In summary, GPCR coupling selectivity is crucial for modulating immune function, as it enables specific GPCRs to interact with particular downstream effectors, thereby fine-tuning the immune response. Examples of GPCRs that exhibit coupling selectivity in the immune response include chemokine receptors and histamine receptors.
Key points:
- GPCR coupling selectivity is essential for modulating immune function.
- Chemokine receptors exhibit coupling selectivity, with some receptors activating PLC and others inhibiting AC.
- Histamine receptors also display coupling selectivity, with H1 and H2 receptors activating PLC and AC, respectively, and H3 and H4 receptors inhibiting AC.
4.4: GPCR Coupling Selectivity in Gastrointestinal System
GPCR coupling selectivity is also critical in the gastrointestinal system, where specific GPCR-effector interactions regulate motility, secretion, and nutrient absorption. In this sub-chapter, we will discuss several examples of GPCRs and their effects on the gastrointestinal system.
One such example is the motilin receptors, which are GPCRs that modulate gastric motility and emptying. Motilin receptors primarily couple to G~q/11~ proteins, activating PLC and increasing DAG and IP3 levels, thereby stimulating gastric motility and emptying.
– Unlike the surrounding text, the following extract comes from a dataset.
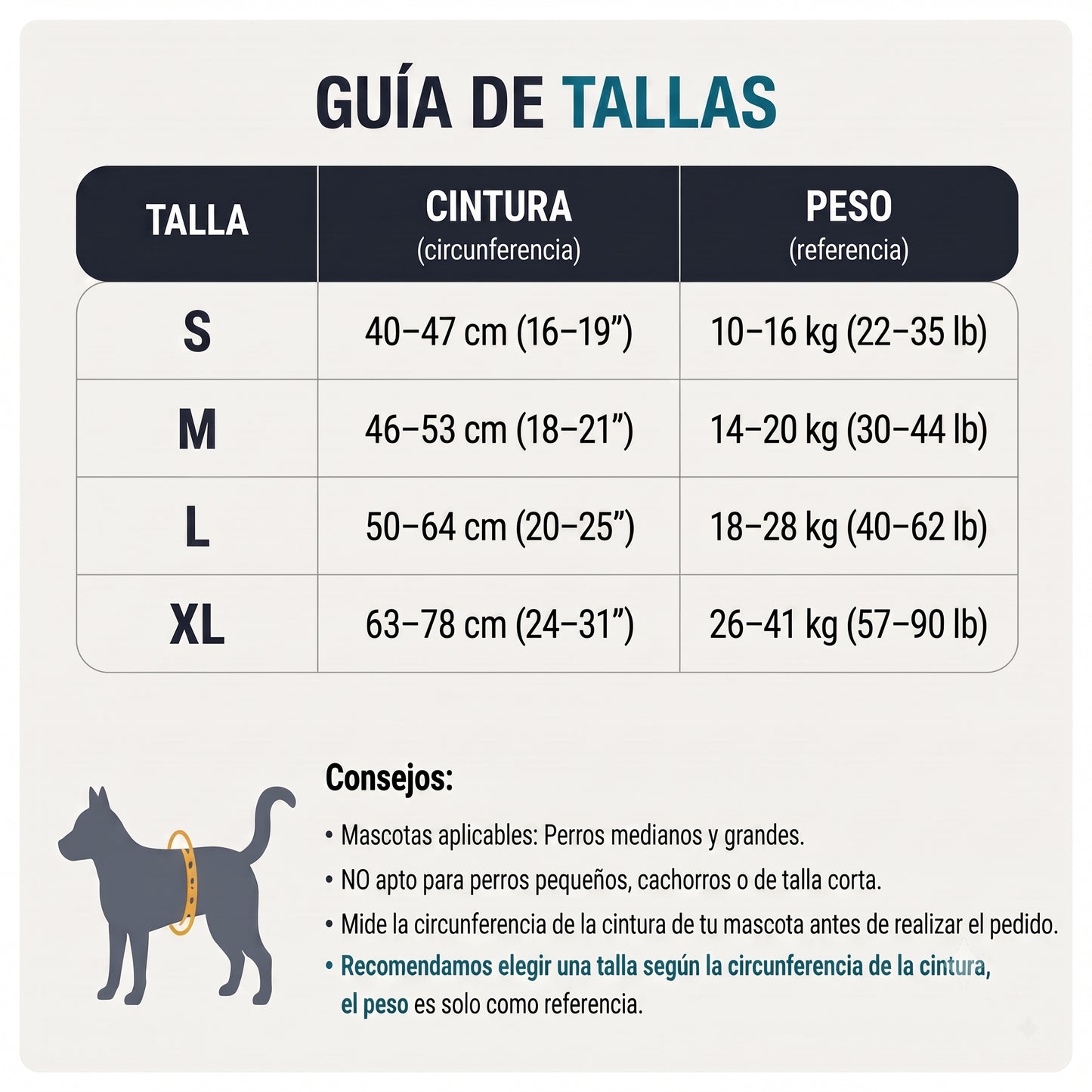 Arnés de Movilidad para Patas Traseras de Perros XL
These coupling properties have significant implications for gastrointestinal function, as they underlie the distinct functional roles of these receptors in regulating gastric emptying and motility.
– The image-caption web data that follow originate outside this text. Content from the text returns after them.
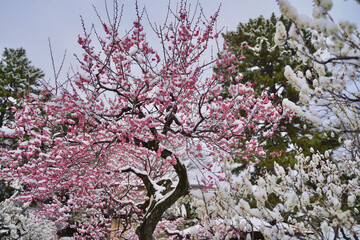 雪が積もった梅の花 大倉山公園梅林、神奈川県横浜市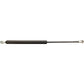 AM252636A1 Gas Strut, Hood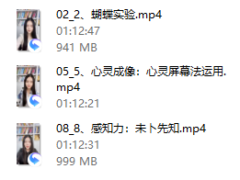 心灵成像第二期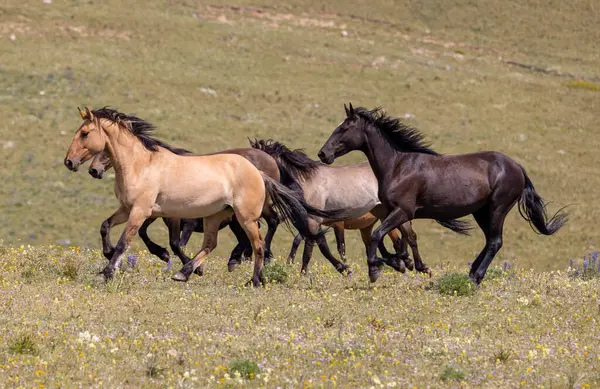 wild horses in summer in the Pryor Mountains Montana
Another example of GPCR coupling selectivity in the gastrointestinal system is the secretin receptors, which are GPCRs that modulate pancreatic secretion and bicarbonate production. Secretin receptors primarily couple to G~s~ proteins, activating AC and increasing cAMP levels, thereby stimulating pancreatic secretion and bicarbonate production. These coupling properties have significant implications for gastrointestinal function, as they underlie the distinct functional roles of these receptors in regulating pancreatic secretion and bicarbonate production.
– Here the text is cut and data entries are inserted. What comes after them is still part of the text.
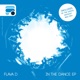 In the Dance Single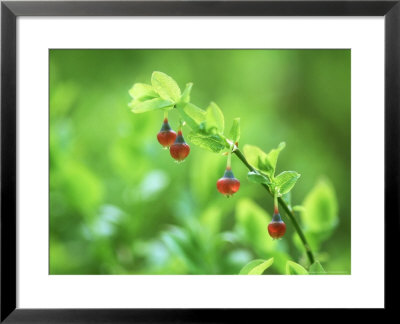 Blaeberry Or Bilberry, Flower, Scotland by Iain Sarjeant Pricing Limited Edition Print image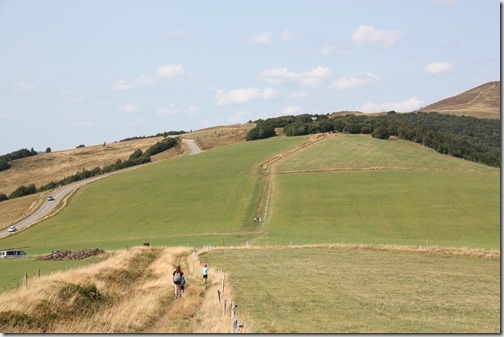 MARTIN_2018_08_28_1515 MARTIN_2018_08_28_1515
In summary, GPCR coupling selectivity is crucial for modulating gastrointestinal function, as it enables specific GPCRs to interact with particular downstream effectors, thereby fine-tuning the gastrointestinal response. Examples of GPCRs that exhibit coupling selectivity in the gastrointestinal system include motilin receptors and secretin receptors.
Key points:
- GPCR coupling selectivity is essential for modulating gastrointestinal function.
- Motilin receptors exhibit coupling selectivity, activating PLC and stimulating gastric motility and emptying.
- Secretin receptors also display coupling selectivity, activating AC and stimulating pancreatic secretion and bicarbonate production.